Zwei nackte Füsse ragen in den Himmel.

8. Raumspezifische Kunst («Aus der Begriffsfontäne»)

Das war nötig – ganz dringend sogar: Ferien von der Kälte, Urlaub von den Anstrengungen eines Residenz-Künstlers, eine schöpferische Auszeit, ein paar Tage zu Hause. Als ich die Schweiz verliess, trieb ein gemeiner Wind matschige Schneeflocken durch die Strassen. Selbst in meinen mit Hasenpelz gefütterten Schuhen wurden mir die Zehen klamm – und kaum eine Stunde vor meiner Abreise rutschte ich auch noch auf einem Fussgängerstreifen aus und wäre fast von einem Lastwagen der Migros überfahren worden. Das war gestern früh. Jetzt sitze ich hier in der Bucht von Piebò und spüre den Sand unter meinen nackten Füssen. Es ist Nacht. Von Zeit zu Zeit schlägt eine Brandungswelle sanft gegen den Strand, leuchtend weiss bricht dann ein Schaumstreif aus der Dunkelheit hervor. Meine Hose klebt leicht an der Haut meiner Schenkel, und ich trinke alten Rum. Ohne Vorwarnung platzen dann und wann schwere Regentropfen vom Himmel in mein Glas und lassen die Flüssigkeit in kleinen Fontänen hochspritzen. 
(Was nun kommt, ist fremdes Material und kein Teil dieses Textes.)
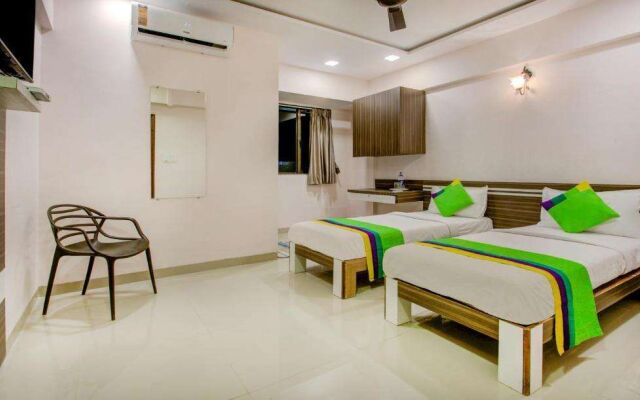 Treebo Kings Inn Vashi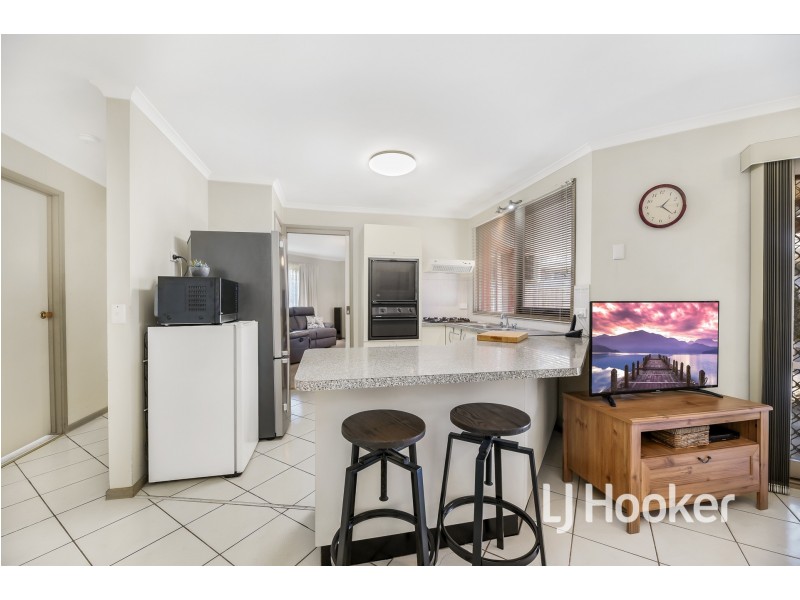 17 Justin Circuit, Hampton Park VIC 3976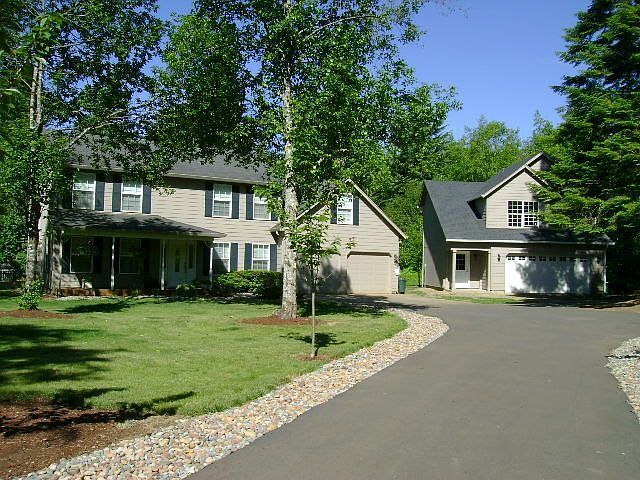 Driveway to house 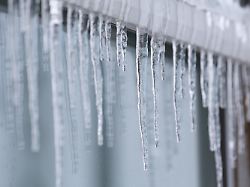 eiszapfen bilden sich an einem abgestellten triebwagen der harzer schmalspurbahnen gmbh im hauptbahnhof der hsb in wernigerode
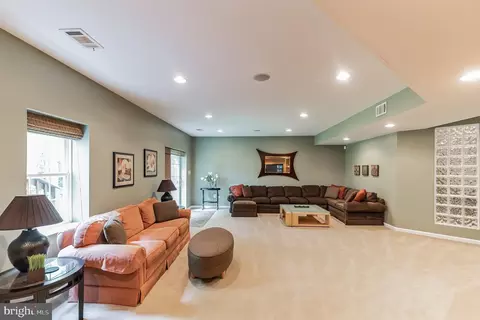 Living - 1809 Efty Ct, Woodbridge, VA 22191 photo 5 of 6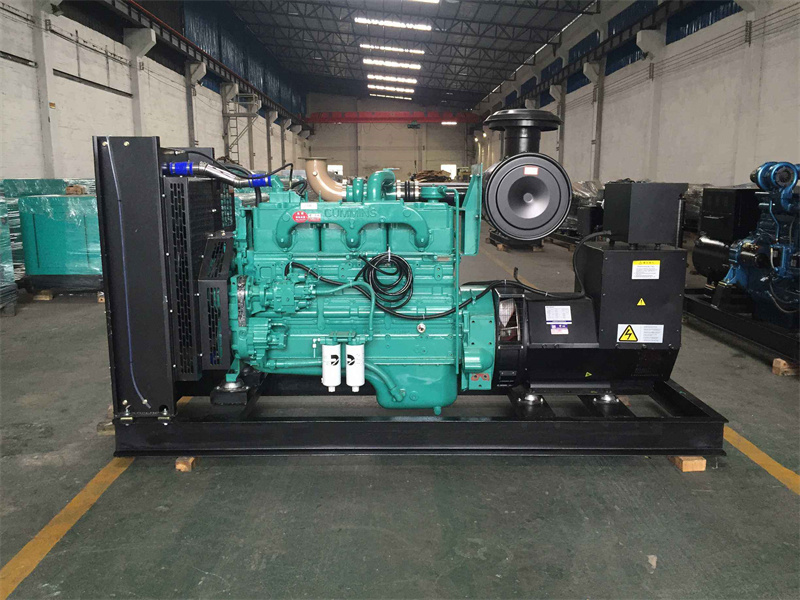 防城港柴油发电机组过载运行时降低转速有哪些注意事项？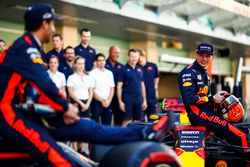 Daniel Ricciardo, Red Bull Racing, Max Verstappen, Red Bull Racing at the team photo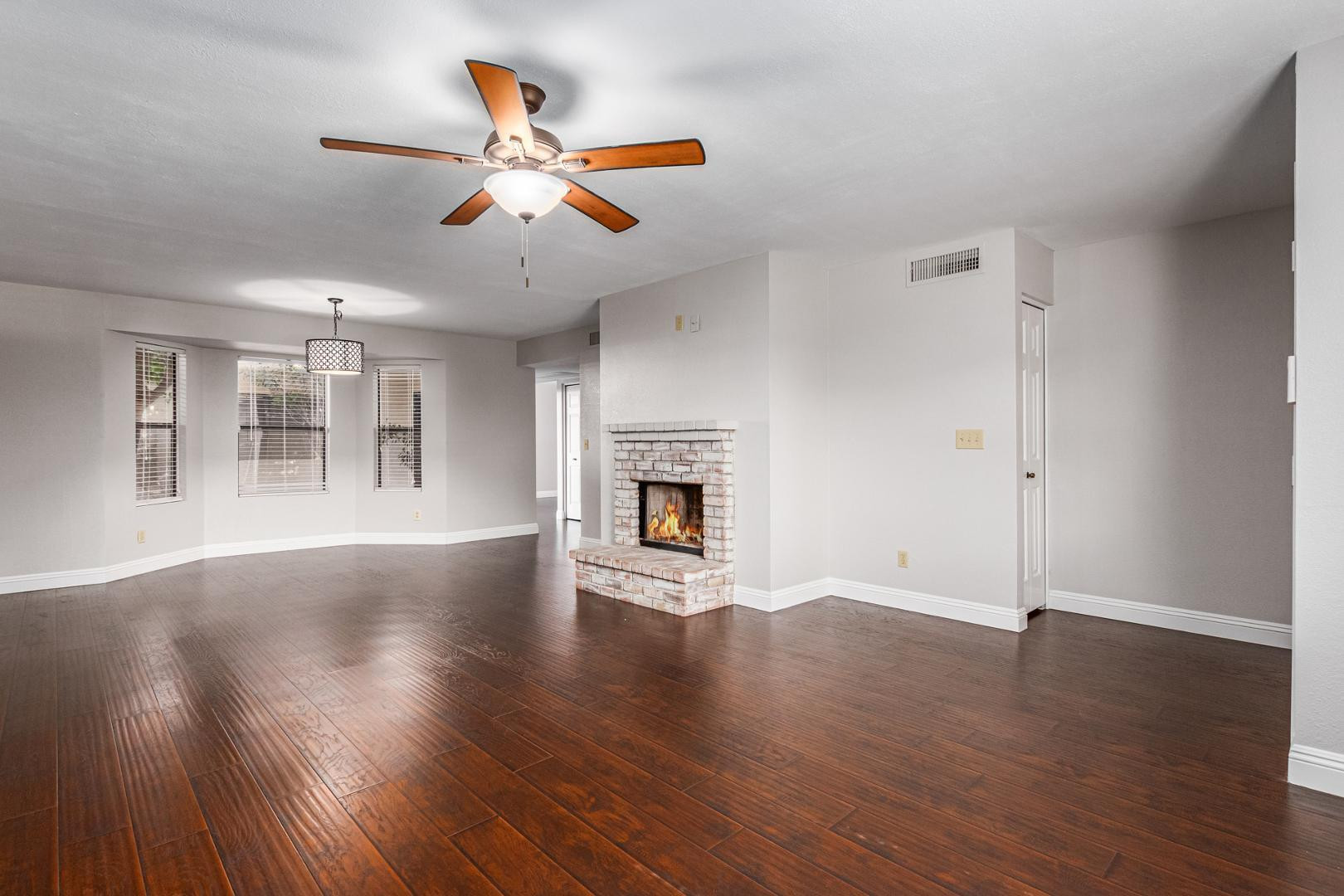 5713 W Gelding Drive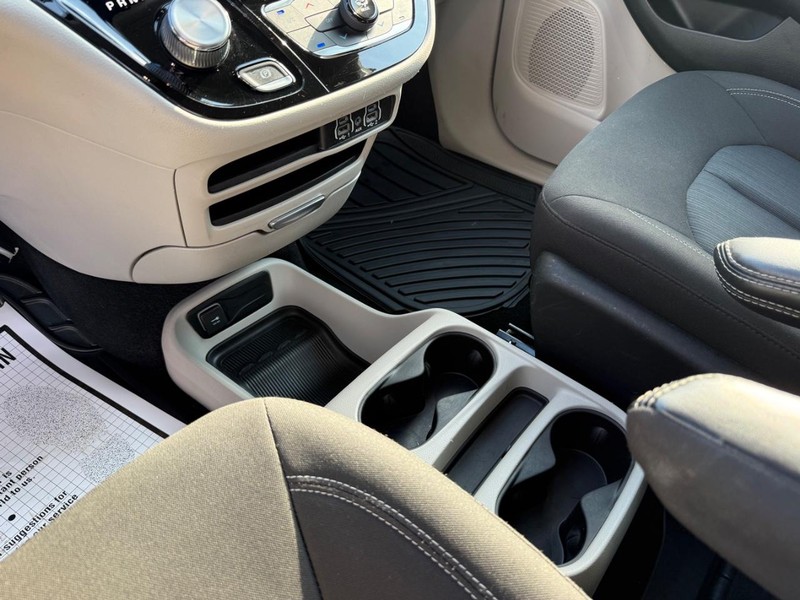 Chrysler Voyager Vehicle Full-screen Gallery Image 26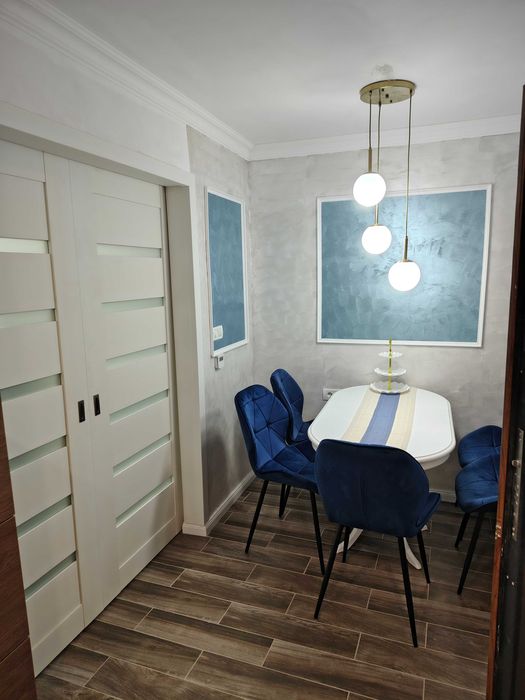 Închiriez apartament zona Lmf Lunca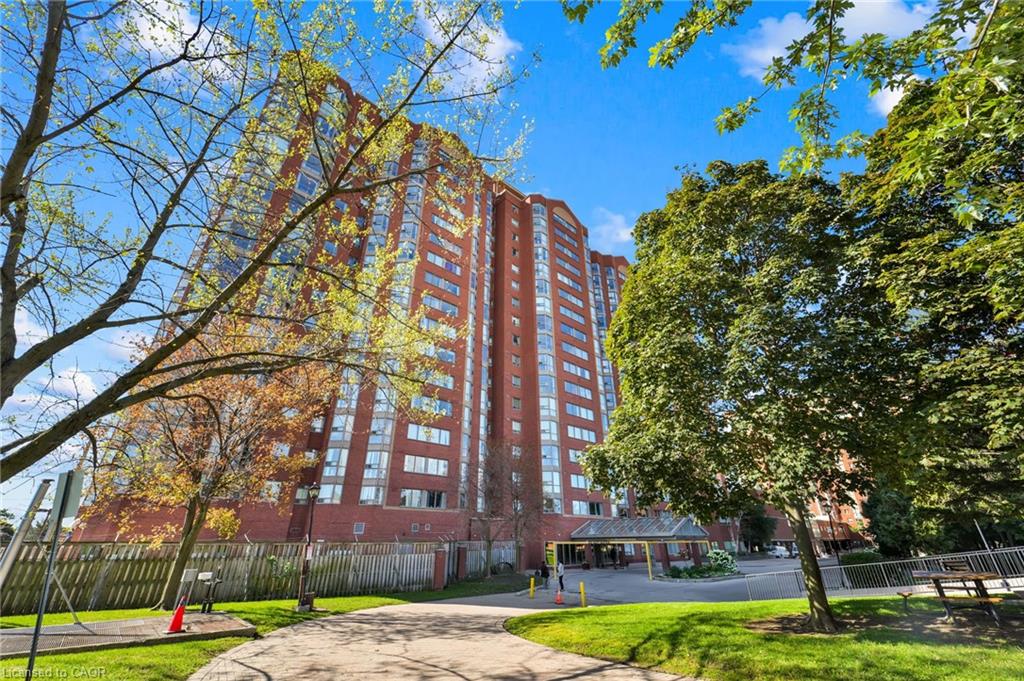 1510-2466 Eglinton Avenue E Property Photo 3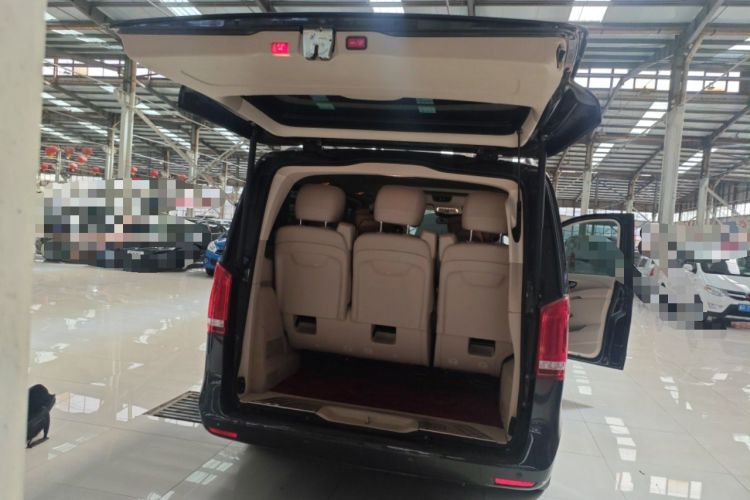 Used Mercedes-Benz V-Class 2021 V 260 Prestige Edition Trunk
Ich spüre, wie Wärme und Feuchtigkeit der karibischen Luft in meine Haut eindringen und merke, dass jeder Windhauch angenehm ist. Kaum kann ich glauben, dass sich mein Körper vor wenigen Stunden noch mit dicken Kleidern gegen die Kälte schützen musste. Und der Gedanke, dass ich hier einfach am Strand einnicken könnte, ohne dabei unweigerlich zu erfrieren, erscheint mir irgendwie absurd. Trotzdem war es nicht das Klima allein, das mich zu dieser kleinen Flucht getrieben hat. Es war meine eigene Feigheit. Ein Kurator war mit der Bitte an mich herangetreten, für eine Ausstellung in einer alten Seidenfabrik eine «ortsspezi fische Arbeit» zu entwickeln - und mir war nichts Passendes eingefallen. - Dabei mangelte es nicht an Ideen für Projekte, die inhaltlich oder formal mit dem Ort zu tun gehabt hätten. Ganz im Gegenteil: Mit der Zeit kam ich zum Schluss, dass eigentlich alles, was irgendwo in Erscheinung tritt, automatisch in eine äusserst komplizierte Beziehung zur Umgebung gerät - und so gesehen also eigentlich alles immer auch «ortsspezifisch» ist.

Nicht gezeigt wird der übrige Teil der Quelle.